## Required work
Repeat the entries below exactly. Begin with the first line and end with the line that contains "bathroom featuring tile".

[Opening Data section]

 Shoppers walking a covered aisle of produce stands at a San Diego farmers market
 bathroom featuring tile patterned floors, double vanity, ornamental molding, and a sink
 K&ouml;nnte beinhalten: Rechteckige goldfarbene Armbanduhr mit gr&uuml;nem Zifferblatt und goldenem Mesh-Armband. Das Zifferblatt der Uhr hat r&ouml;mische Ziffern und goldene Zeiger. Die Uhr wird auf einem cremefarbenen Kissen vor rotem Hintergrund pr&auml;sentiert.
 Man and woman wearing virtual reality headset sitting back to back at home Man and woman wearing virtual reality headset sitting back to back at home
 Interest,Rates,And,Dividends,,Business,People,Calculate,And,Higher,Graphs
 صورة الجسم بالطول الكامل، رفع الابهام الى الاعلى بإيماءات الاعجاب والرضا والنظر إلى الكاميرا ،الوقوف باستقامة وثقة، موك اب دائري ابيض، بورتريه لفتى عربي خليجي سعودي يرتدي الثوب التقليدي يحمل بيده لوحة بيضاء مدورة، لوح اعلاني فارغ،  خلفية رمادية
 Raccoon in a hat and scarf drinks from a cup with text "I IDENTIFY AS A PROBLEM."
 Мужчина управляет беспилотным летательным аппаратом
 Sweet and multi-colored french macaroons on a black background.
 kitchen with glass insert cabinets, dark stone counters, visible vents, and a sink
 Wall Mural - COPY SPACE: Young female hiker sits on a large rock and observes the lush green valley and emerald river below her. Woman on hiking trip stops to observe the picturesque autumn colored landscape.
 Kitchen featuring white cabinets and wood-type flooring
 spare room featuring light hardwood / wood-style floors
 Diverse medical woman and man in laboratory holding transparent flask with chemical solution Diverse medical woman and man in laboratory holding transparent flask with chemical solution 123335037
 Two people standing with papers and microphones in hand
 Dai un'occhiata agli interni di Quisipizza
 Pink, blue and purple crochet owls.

[Closing Data section]

## Solved problem
 Shoppers walking a covered aisle of produce stands at a San Diego farmers market
 bathroom featuring tile patterned floors, double vanity, ornamental molding, and a sink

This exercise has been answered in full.